Il punto di partenza è quindi lʼelaborazione, con una fase di ricerca sociale, di uno studio di fattibilità vero e proprio. Finalità di questo lavoro sono quelle di guidare il percorso che porti questi spazi ad essere luoghi di innovazione ed eccellenza nellʼambito specifico delle politiche locali “site specific”, ma comparabili con quelle europee, in quanto pensate e gestite seguendo le linee guida della UE in materia.

A conclusione della fase di ricerca e studio, la fase successiva di questo lavoro è quella di un percorso di accompagnamento con soggetti committenti e gestori. Infatti, una volta definite le caratteristiche, le funzioni dʼuso, il piano marketing ed il budget grazie allo studio di fattibilità, prende avvio la fase di implementazione.

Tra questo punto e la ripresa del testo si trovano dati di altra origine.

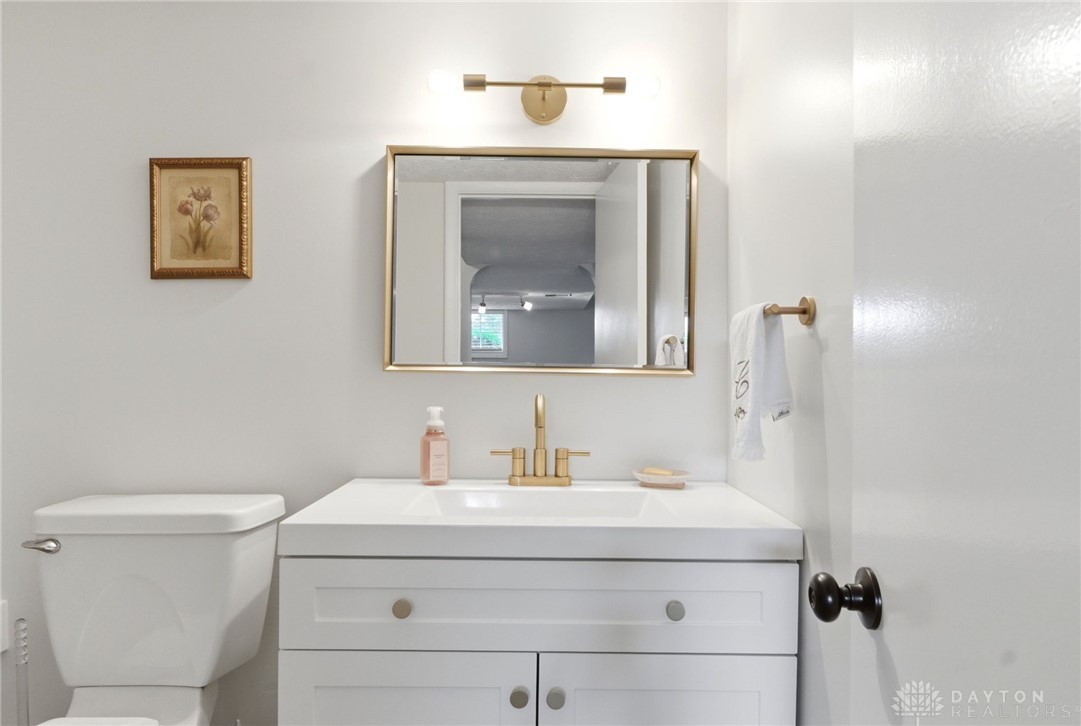 8916 Paragon Road Dayton, OH 45458 - Photo 26 of 33 This bright bathroom features a vanity with ample storage and contemporary fixtures.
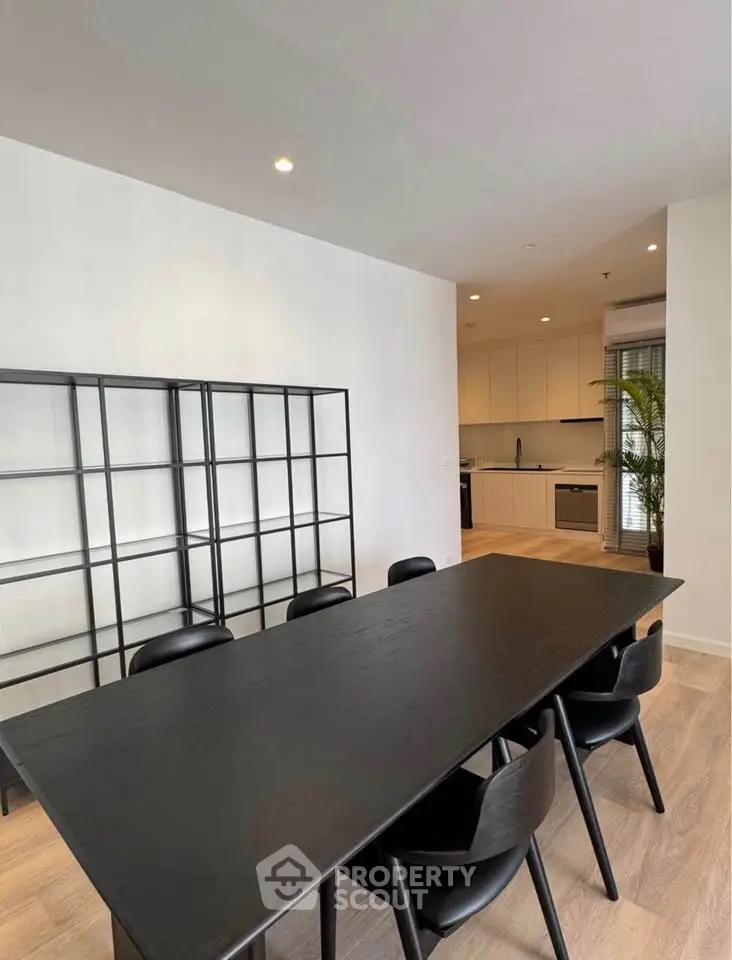 Modern dining area with sleek black table and chairs, adjacent to a contemporary kitchen with minimalist design.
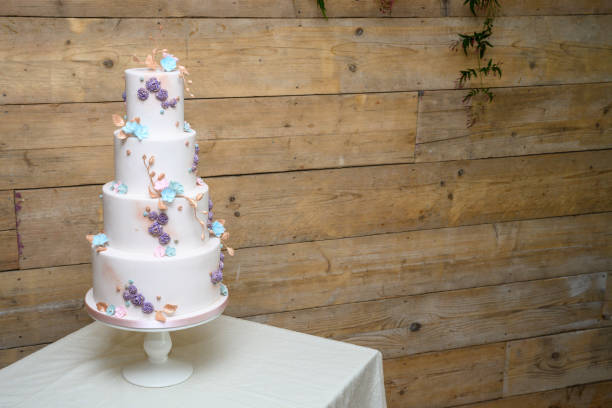Four tier wedding cake with flowers
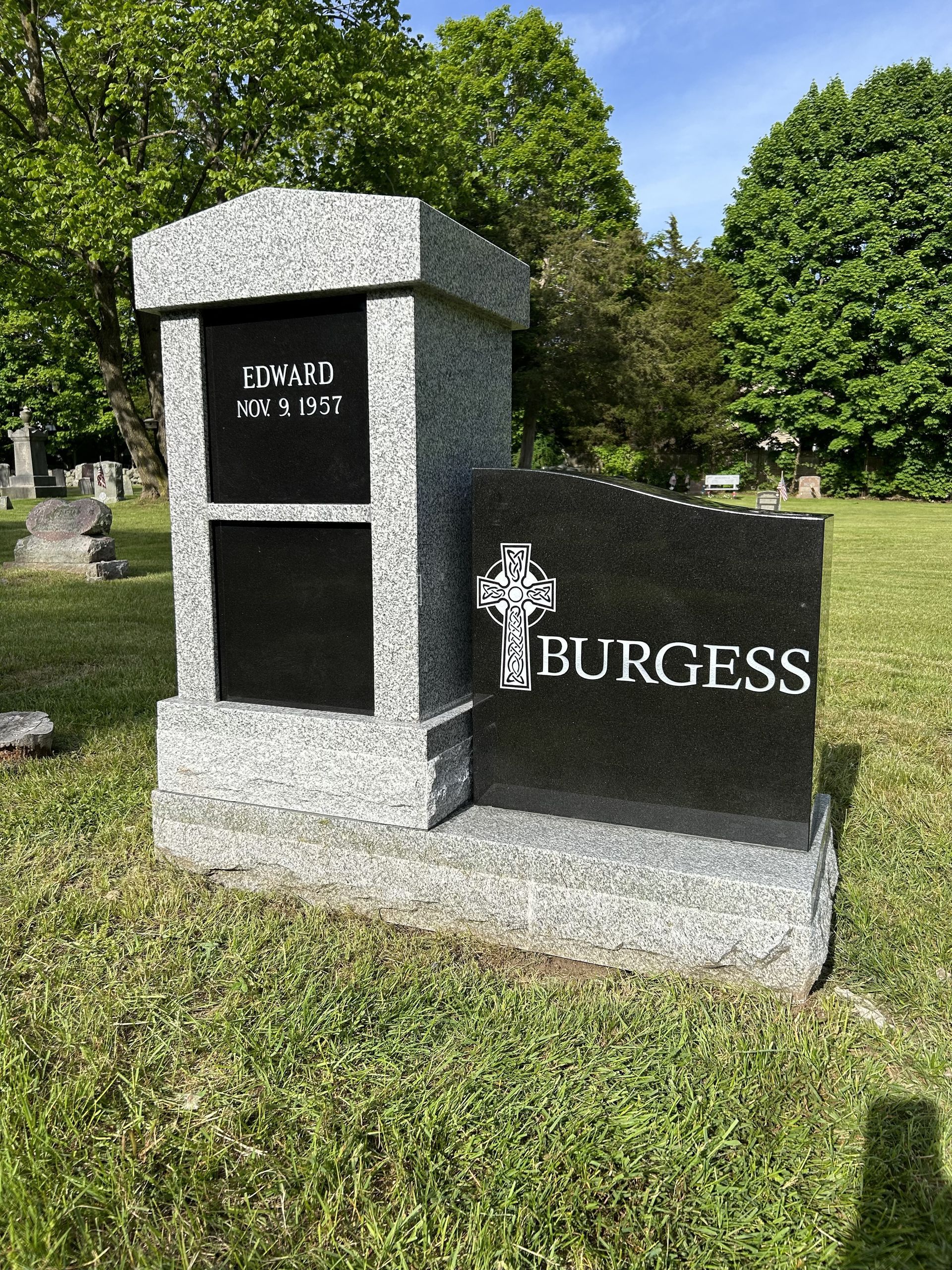 A granite headstone inscribed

Si tratta di un percorso dove formazione, consulenza, accompagnamento, supervisione, analisi di situazioni critiche, si fondono costantemente, in un servizio di tutoring a metà tra momenti dʼaula e lavoro a distanza, con supporto anche rispetto a materiali necessari allo start up del Centro (es. contratti tipo con organizzazioni giovanili, budget dei costi delle attrezzature, selezione dei fornitori, grafiche, ecc.).

2 Lo studio di fattibilità

Lo studio di fattibilità, nell’ambito della progettazione sociale, non sostituisce la redazione del progetto, ma fornisce spunti e indicazioni delle quali chi progetta può tenere conto per organizzare il proprio lavoro.

Per predisporre lo studio, vanno anzitutto raccolti dati, utilizzando diverse fonti informative:

– dati descrittivi del territorio (quanti giovani ci sono, che caratteristiche hanno,quali interessi e competenze, quali sono le attività produttive presenti, ecc…);

– colloqui con testimoni significativi individuati sul territorio (es.: rappresentanti di istituzioni, associazioni, figure educative, operatori economici, gestori di locali, ecc…);

– incontro aperto con tutte le persone potenzialmente interessate all’apertura del Centro;

sopralluogo della struttura, delle sue caratteristiche e della sua collocazione.

Utilizzando i dati raccolti si elabora uno studio di fattibilità ad hoc. Il documento, una volta “approvato” dal committente, viene poi presentato pubblicamente e messo a disposizione

dei soggetti locali interessati, anche alla gestione del Centro. Lo studio diventa, ad esempio per le Amministrazioni locali, il documento progettuale di riferimento in base al quale valutare le offerte in eventuali bandi pubblici.

Lo Studio di fattibilità viene commissionato infatti per definire se un progetto (o un programma) o un’idea di massima:

• produce utilità sociale e culturale;

• può essere realizzato/migliorato dal punto di vista tecnico;

• risulta sostenibile dal punto di vista economico.

Lo studio riguarda una dimensione di futuro (“pro-jecuts”, “verso cosa”) e si basa quindi su delle valutazioni, più che su elementi certi, per cui si devono adottare criteri chiari e trasparenti, in modo da garantire l’obiettività dello studio e dei suoi risultati.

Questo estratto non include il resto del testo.